Real-world evidence from interdisciplinary teams: The Cleveland Institute for Computational Biology and The Book of OHDSI

The Cleveland Institute for Computational Biology (CICB) is pleased to announce that it has been instrumental in helping to create The Book of OHDSI, 1 st Edition , the first textbook describing the Observational Health Data Sciences and Informatics (OHDSI) community, the OHDSI (OMOP) data standards used to extract and organize clinical data from EHRs, and the OHDSI open-source clinical analytics tools. The book is available on Amazon.com and can also be downloaded for free at: 

OHDSI is a multi-stakeholder, interdisciplinary collaborative that brings out the value of health data through large-scale analytics. The CICB hosted the annual OHDSI Face-to-Face meeting June 2-4, 2019 at the Wolstein Research Building for the purpose of pushing this book to completion. A short video summary of this work can be seen here:  .

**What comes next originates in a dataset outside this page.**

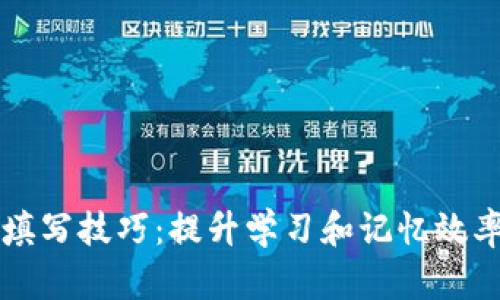助记词填写技巧：提升学习和记忆效率的秘笈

After this meeting, work continued throughout the summer, and, on September 16, 2019 at the annual OHDSI Symposium in North Bethesda (attended by over 500 people from around the world representing academic medical centers, clinicians, statisticians, programmers, epidemiologists, public health agencies, big-data companies, health policy experts, government agencies, pharmaceutical companies, and insurers) the competed version of the book was introduced.  The CICB is extremely proud to announce that they represent 17 of the 56 collaborators/authors from around the world!   

The book is organized into 5 major sections: 

  1. The OHDSI Community
  2. Uniform data representation
  3. Data analytics
  4. Evidence Quality
  5. OHDSI Studies 

The book also describes three main use cases for OHDSI (OMOP) data marts: clinical characterization , population-level estimation , and patient-level prediction , as well as the analytical open-source tools used to support these activities.

Importantly, the book serves to formalize the mission of OHDSI to improve health by empowering a community to collaboratively generate the evidence that promotes better health decisions and better care. OHDSI (OMOP) clinical data marts support the creation of other tools to analyze clinical data locally as well as across federated networks.  The greater Cleveland medical and academic community is uniquely positioned to be at the forefront of this relatively new field where data standardization, harmonization, and sharing for regional population health will improve the lives of the Northeast Ohio community and beyond.